Ironically, FDR won the 1932 presidential election by promising an end to the government spending of his predecessor, Herbert Hoover. Reeling from continuing high unemployment after the 1929 stock market crash and the high tariffs he had signed into law, Hoover pushed broad banking regulations and signed the Emergency Relief and Construction Act, a $2 billion public works bill aimed at revamping the struggling economy. Democrats branded homeless shelters “Hoovervilles,” and FDR defeated Hoover in a landslide.
Once he entered office, however, FDR hypercharged Hoover’s worst policies. The New Deal inserted the federal government into nearly every sector of the economy and increased taxes to ridiculously high levels. FDR did reverse Hoover’s disastrous trade policies, but these other changes kept the economy from bouncing back. “Tax rates were hiked, which scooped capital out of investment and dumped it into dozens of hastily conceived government programs.
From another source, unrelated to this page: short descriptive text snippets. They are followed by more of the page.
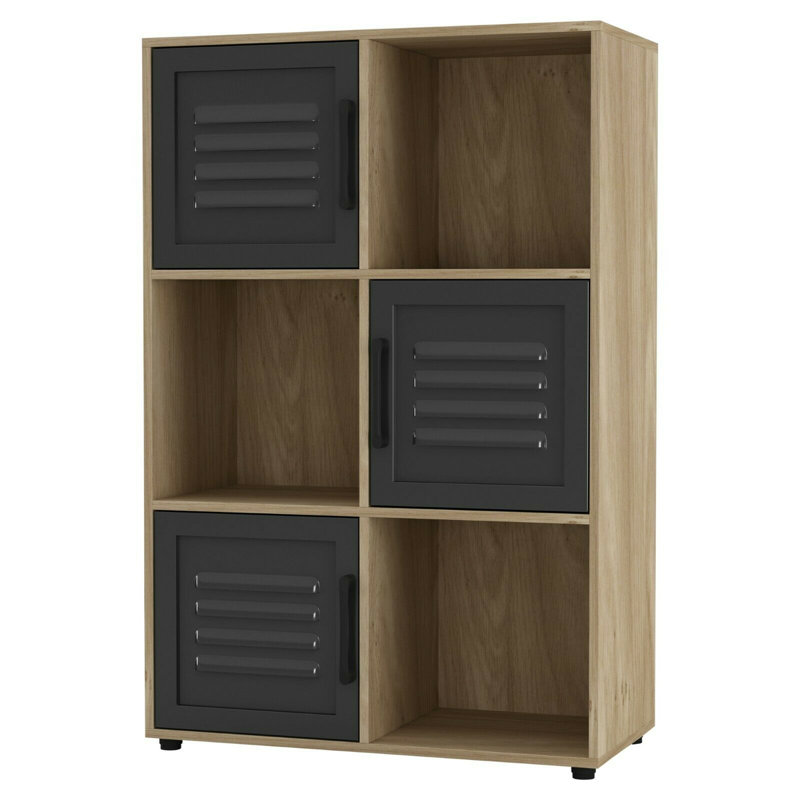 Berring 90.5 cm H x 60 cm W Cube Bookcase, Oak/Black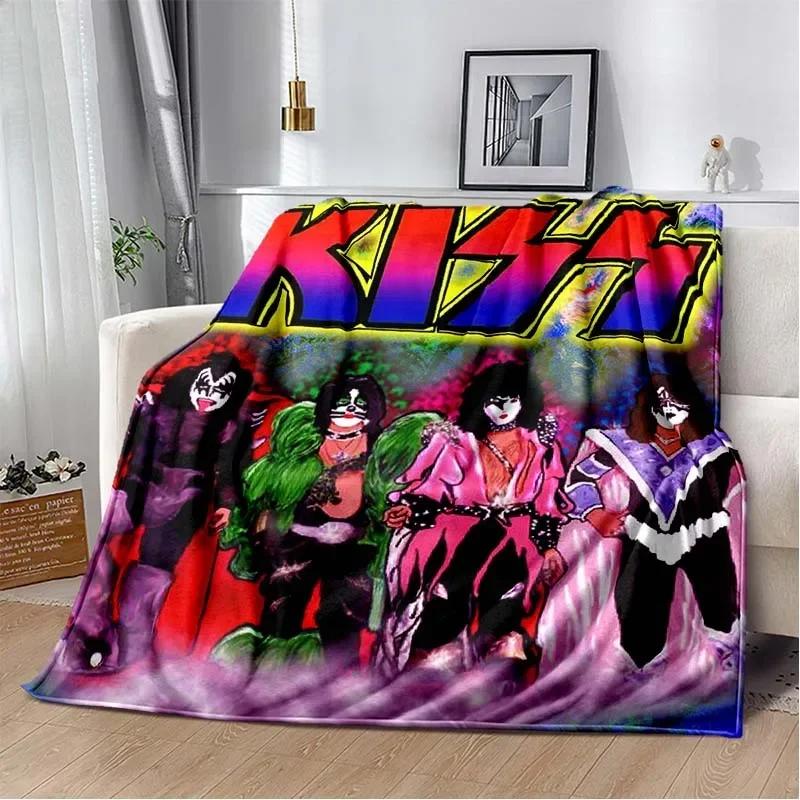 KISS Band Pattern Throw Blanket Light Weight Blanket for Living Room Bedroom Kidsroom Warm Blanket Christmas Gift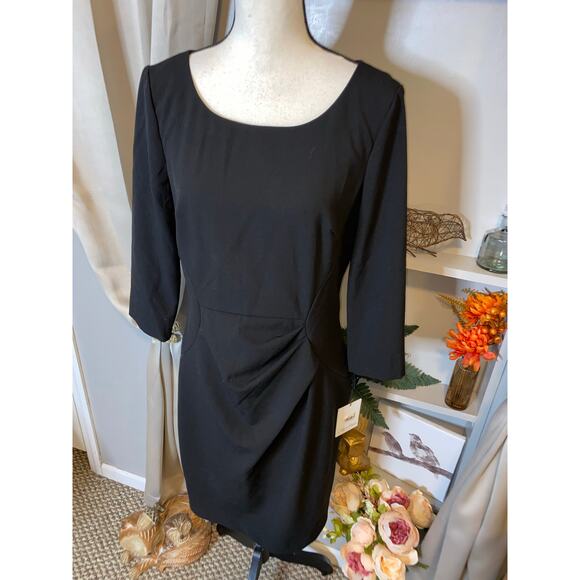 NWT $89.98 size 10 Black Back Zip Calvin Klein 3/4 Sleeves Dress - Picture 3 of 12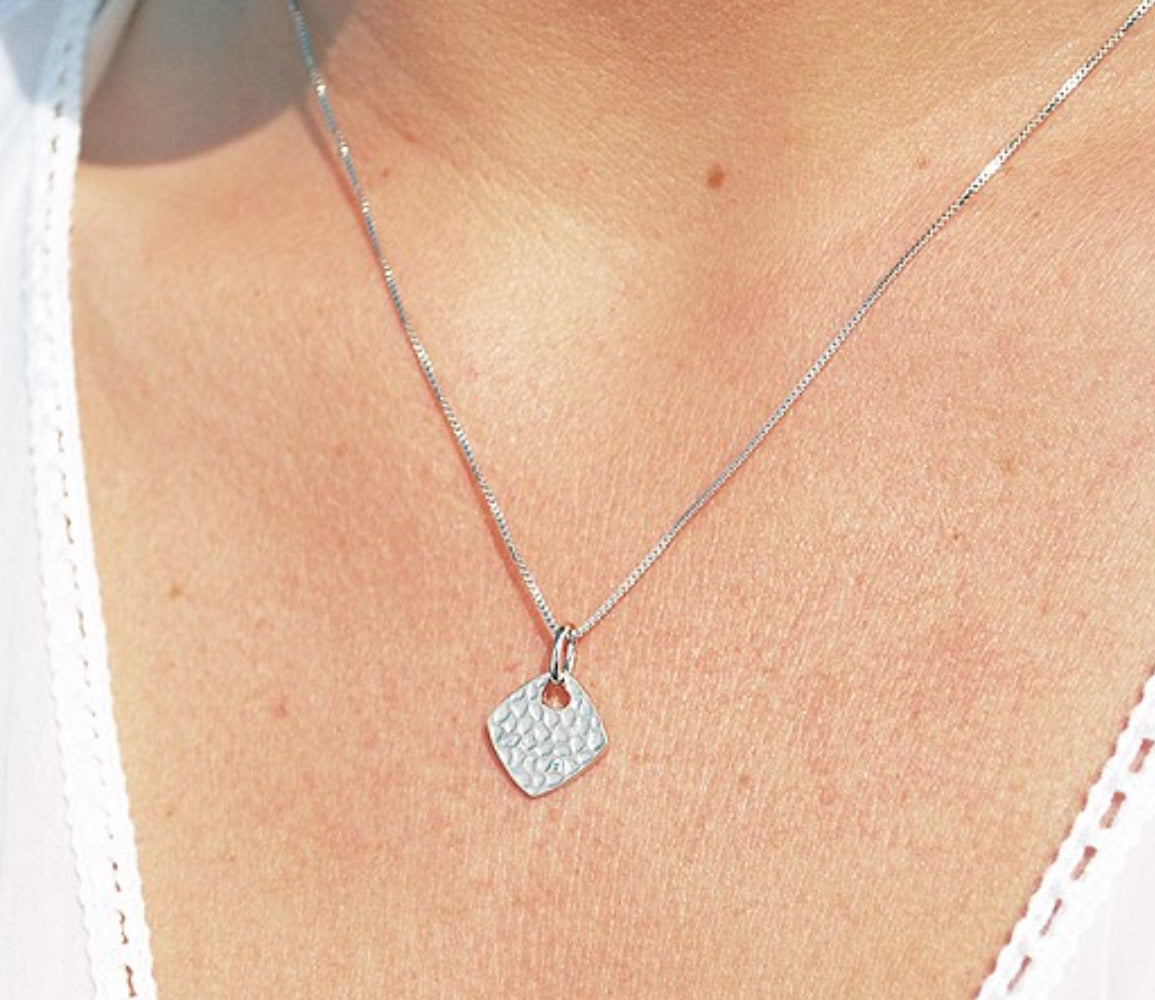 Geometric Hammered Pendant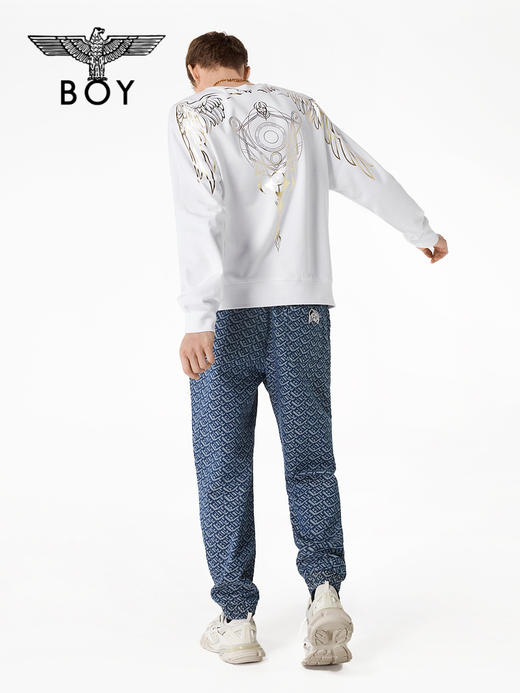 BOY圆领卫衣男女同款22春夏新品烫金翅膀印花套头衫B221N0302301 商品图1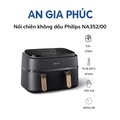 Philips NA352/00 Air Fryer 9L Kapasiti - Hitam dengan Pegangan Berwarna Tembaga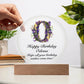 Happy Birthday Odessa v02 - Circle Acrylic Plaque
Those programs quickly became politicized and produced unintended consequences, which plunged the American economy deeper into depression,” they explained. “The National Recovery Administration, which was Roosevelt’s centerpiece, fixed prices, stifled competition, and sometimes made American exports uncompetitive. Also, his banking reforms made many banks more vulnerable to failure by forbidding them to expand and diversify their portfolios. Social Security taxes and minimum-wage laws often triggered unemployment; in fact, they pushed many cash-strapped businesses into bankruptcy or near bankruptcy. The Agricultural Adjustment Act, which paid farmers not to produce, raised food prices and kicked thousands of tenant farmers off the land and into unemployment lines in the cities. In some of those cities, the unemployed received almost no federal aid, but in other cities — those with influential Democratic bosses — tax dollars flowed in like water.
But by 1946, Congress was no longer dominated by tax-and-spend Democrats. The Republicans and conservative Democrats lowered taxes from absurd highs (the marginal income tax rate was 94 percent on all income over $200,000 and an excess-profits tax absorbed more than one-third of all corporate profits since 1943, along with another 40 percent corporate tax on other profits).
Rather than another New Deal — and potentially another Great Depression — the post-war years represented a return to economic normalcy, as entrepreneurs finally had the incentives to get back to work.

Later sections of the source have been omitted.